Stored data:
------------------------------
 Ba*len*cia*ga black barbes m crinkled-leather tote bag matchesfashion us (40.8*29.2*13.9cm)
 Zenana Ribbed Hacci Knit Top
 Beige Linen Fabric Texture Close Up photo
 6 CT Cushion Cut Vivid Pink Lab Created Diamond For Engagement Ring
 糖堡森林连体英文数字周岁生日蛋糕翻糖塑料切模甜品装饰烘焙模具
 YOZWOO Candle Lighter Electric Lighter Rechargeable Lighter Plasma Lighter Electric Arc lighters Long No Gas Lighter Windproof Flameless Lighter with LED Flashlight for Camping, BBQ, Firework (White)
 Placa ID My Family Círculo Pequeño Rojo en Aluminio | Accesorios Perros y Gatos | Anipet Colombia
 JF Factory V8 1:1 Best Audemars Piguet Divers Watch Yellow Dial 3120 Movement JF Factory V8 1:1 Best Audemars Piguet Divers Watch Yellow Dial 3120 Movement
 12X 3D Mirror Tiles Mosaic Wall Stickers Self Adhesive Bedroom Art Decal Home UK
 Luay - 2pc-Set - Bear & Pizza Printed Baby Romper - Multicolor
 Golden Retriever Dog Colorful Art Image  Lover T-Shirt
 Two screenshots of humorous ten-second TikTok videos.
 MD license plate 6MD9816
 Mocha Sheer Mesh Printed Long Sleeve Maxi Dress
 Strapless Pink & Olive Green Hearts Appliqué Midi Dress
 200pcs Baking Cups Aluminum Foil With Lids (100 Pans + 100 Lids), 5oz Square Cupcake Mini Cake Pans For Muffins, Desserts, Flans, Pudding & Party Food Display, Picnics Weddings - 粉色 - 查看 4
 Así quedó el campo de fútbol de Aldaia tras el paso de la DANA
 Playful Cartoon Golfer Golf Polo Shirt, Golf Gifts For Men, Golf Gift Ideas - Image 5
------------------------------
Please copy out each entry exactly as it appears above.

 Ba*len*cia*ga black barbes m crinkled-leather tote bag matchesfashion us (40.8*29.2*13.9cm)
 Zenana Ribbed Hacci Knit Top
 Beige Linen Fabric Texture Close Up photo
 6 CT Cushion Cut Vivid Pink Lab Created Diamond For Engagement Ring
 糖堡森林连体英文数字周岁生日蛋糕翻糖塑料切模甜品装饰烘焙模具
 YOZWOO Candle Lighter Electric Lighter Rechargeable Lighter Plasma Lighter Electric Arc lighters Long No Gas Lighter Windproof Flameless Lighter with LED Flashlight for Camping, BBQ, Firework (White)
 Placa ID My Family Círculo Pequeño Rojo en Aluminio | Accesorios Perros y Gatos | Anipet Colombia
 JF Factory V8 1:1 Best Audemars Piguet Divers Watch Yellow Dial 3120 Movement JF Factory V8 1:1 Best Audemars Piguet Divers Watch Yellow Dial 3120 Movement
 12X 3D Mirror Tiles Mosaic Wall Stickers Self Adhesive Bedroom Art Decal Home UK
 Luay - 2pc-Set - Bear & Pizza Printed Baby Romper - Multicolor
 Golden Retriever Dog Colorful Art Image  Lover T-Shirt
 Two screenshots of humorous ten-second TikTok videos.
 MD license plate 6MD9816
 Mocha Sheer Mesh Printed Long Sleeve Maxi Dress
 Strapless Pink & Olive Green Hearts Appliqué Midi Dress
 200pcs Baking Cups Aluminum Foil With Lids (100 Pans + 100 Lids), 5oz Square Cupcake Mini Cake Pans For Muffins, Desserts, Flans, Pudding & Party Food Display, Picnics Weddings - 粉色 - 查看 4
 Así quedó el campo de fútbol de Aldaia tras el paso de la DANA
 Playful Cartoon Golfer Golf Polo Shirt, Golf Gifts For Men, Golf Gift Ideas - Image 5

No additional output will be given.